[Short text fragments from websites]
- Opening Delimiter -

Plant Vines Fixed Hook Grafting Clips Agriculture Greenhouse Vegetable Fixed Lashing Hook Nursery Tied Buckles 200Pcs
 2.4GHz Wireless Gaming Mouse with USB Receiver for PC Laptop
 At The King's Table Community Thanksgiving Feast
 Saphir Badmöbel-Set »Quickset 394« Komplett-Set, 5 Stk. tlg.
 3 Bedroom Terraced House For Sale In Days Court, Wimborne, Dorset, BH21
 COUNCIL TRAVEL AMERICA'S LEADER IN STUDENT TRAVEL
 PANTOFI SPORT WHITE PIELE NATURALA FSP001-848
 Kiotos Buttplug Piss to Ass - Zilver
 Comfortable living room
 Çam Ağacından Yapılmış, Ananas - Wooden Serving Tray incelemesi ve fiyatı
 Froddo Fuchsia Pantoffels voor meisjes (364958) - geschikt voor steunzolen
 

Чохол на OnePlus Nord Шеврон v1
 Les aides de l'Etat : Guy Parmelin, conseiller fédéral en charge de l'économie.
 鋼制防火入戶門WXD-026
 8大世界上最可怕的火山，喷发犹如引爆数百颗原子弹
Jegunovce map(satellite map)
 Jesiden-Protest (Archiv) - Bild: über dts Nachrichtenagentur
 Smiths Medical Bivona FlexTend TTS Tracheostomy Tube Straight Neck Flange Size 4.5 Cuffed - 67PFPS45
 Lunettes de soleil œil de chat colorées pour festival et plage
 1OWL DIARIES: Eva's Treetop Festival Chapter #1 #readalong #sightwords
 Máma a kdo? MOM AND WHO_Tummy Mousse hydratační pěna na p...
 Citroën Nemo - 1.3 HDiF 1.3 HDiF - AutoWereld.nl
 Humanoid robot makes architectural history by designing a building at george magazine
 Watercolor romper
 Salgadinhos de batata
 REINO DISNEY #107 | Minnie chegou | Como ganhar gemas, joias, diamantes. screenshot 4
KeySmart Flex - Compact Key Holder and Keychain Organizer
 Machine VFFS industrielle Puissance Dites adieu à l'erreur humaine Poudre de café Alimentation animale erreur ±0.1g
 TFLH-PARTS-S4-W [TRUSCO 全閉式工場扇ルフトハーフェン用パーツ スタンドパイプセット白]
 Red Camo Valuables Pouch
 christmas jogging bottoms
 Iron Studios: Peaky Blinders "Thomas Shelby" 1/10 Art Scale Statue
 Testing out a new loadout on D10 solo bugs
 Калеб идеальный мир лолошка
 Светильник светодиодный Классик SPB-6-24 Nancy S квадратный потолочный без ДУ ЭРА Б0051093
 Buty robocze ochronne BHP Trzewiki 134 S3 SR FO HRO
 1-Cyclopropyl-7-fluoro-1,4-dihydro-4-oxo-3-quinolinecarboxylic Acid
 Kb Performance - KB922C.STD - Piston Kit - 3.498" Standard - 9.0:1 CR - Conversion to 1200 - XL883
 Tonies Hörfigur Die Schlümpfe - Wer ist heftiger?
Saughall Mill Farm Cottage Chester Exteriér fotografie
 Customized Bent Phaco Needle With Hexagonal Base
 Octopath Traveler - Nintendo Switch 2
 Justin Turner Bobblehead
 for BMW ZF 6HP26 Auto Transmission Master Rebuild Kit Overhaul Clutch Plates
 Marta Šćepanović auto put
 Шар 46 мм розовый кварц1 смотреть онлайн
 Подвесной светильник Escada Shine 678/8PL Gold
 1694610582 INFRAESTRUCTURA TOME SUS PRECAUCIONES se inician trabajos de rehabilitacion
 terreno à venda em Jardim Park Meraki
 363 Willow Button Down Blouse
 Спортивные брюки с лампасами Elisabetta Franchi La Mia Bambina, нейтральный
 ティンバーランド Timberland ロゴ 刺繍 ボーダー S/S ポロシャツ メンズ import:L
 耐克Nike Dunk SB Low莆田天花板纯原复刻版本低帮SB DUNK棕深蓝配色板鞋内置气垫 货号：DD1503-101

- Closing Delimiter -

[Problem details] What is wanted is every line above, written out exactly.

[Output below]
Plant Vines Fixed Hook Grafting Clips Agriculture Greenhouse Vegetable Fixed Lashing Hook Nursery Tied Buckles 200Pcs
 2.4GHz Wireless Gaming Mouse with USB Receiver for PC Laptop
 At The King's Table Community Thanksgiving Feast
 Saphir Badmöbel-Set »Quickset 394« Komplett-Set, 5 Stk. tlg.
 3 Bedroom Terraced House For Sale In Days Court, Wimborne, Dorset, BH21
 COUNCIL TRAVEL AMERICA'S LEADER IN STUDENT TRAVEL
 PANTOFI SPORT WHITE PIELE NATURALA FSP001-848
 Kiotos Buttplug Piss to Ass - Zilver
 Comfortable living room
 Çam Ağacından Yapılmış, Ananas - Wooden Serving Tray incelemesi ve fiyatı
 Froddo Fuchsia Pantoffels voor meisjes (364958) - geschikt voor steunzolen
 

Чохол на OnePlus Nord Шеврон v1
 Les aides de l'Etat : Guy Parmelin, conseiller fédéral en charge de l'économie.
 鋼制防火入戶門WXD-026
 8大世界上最可怕的火山，喷发犹如引爆数百颗原子弹
Jegunovce map(satellite map)
 Jesiden-Protest (Archiv) - Bild: über dts Nachrichtenagentur
 Smiths Medical Bivona FlexTend TTS Tracheostomy Tube Straight Neck Flange Size 4.5 Cuffed - 67PFPS45
 Lunettes de soleil œil de chat colorées pour festival et plage
 1OWL DIARIES: Eva's Treetop Festival Chapter #1 #readalong #sightwords
 Máma a kdo? MOM AND WHO_Tummy Mousse hydratační pěna na p...
 Citroën Nemo - 1.3 HDiF 1.3 HDiF - AutoWereld.nl
 Humanoid robot makes architectural history by designing a building at george magazine
 Watercolor romper
 Salgadinhos de batata
 REINO DISNEY #107 | Minnie chegou | Como ganhar gemas, joias, diamantes. screenshot 4
KeySmart Flex - Compact Key Holder and Keychain Organizer
 Machine VFFS industrielle Puissance Dites adieu à l'erreur humaine Poudre de café Alimentation animale erreur ±0.1g
 TFLH-PARTS-S4-W [TRUSCO 全閉式工場扇ルフトハーフェン用パーツ スタンドパイプセット白]
 Red Camo Valuables Pouch
 christmas jogging bottoms
 Iron Studios: Peaky Blinders "Thomas Shelby" 1/10 Art Scale Statue
 Testing out a new loadout on D10 solo bugs
 Калеб идеальный мир лолошка
 Светильник светодиодный Классик SPB-6-24 Nancy S квадратный потолочный без ДУ ЭРА Б0051093
 Buty robocze ochronne BHP Trzewiki 134 S3 SR FO HRO
 1-Cyclopropyl-7-fluoro-1,4-dihydro-4-oxo-3-quinolinecarboxylic Acid
 Kb Performance - KB922C.STD - Piston Kit - 3.498" Standard - 9.0:1 CR - Conversion to 1200 - XL883
 Tonies Hörfigur Die Schlümpfe - Wer ist heftiger?
Saughall Mill Farm Cottage Chester Exteriér fotografie
 Customized Bent Phaco Needle With Hexagonal Base
 Octopath Traveler - Nintendo Switch 2
 Justin Turner Bobblehead
 for BMW ZF 6HP26 Auto Transmission Master Rebuild Kit Overhaul Clutch Plates
 Marta Šćepanović auto put
 Шар 46 мм розовый кварц1 смотреть онлайн
 Подвесной светильник Escada Shine 678/8PL Gold
 1694610582 INFRAESTRUCTURA TOME SUS PRECAUCIONES se inician trabajos de rehabilitacion
 terreno à venda em Jardim Park Meraki
 363 Willow Button Down Blouse
 Спортивные брюки с лампасами Elisabetta Franchi La Mia Bambina, нейтральный
 ティンバーランド Timberland ロゴ 刺繍 ボーダー S/S ポロシャツ メンズ import:L
 耐克Nike Dunk SB Low莆田天花板纯原复刻版本低帮SB DUNK棕深蓝配色板鞋内置气垫 货号：DD1503-101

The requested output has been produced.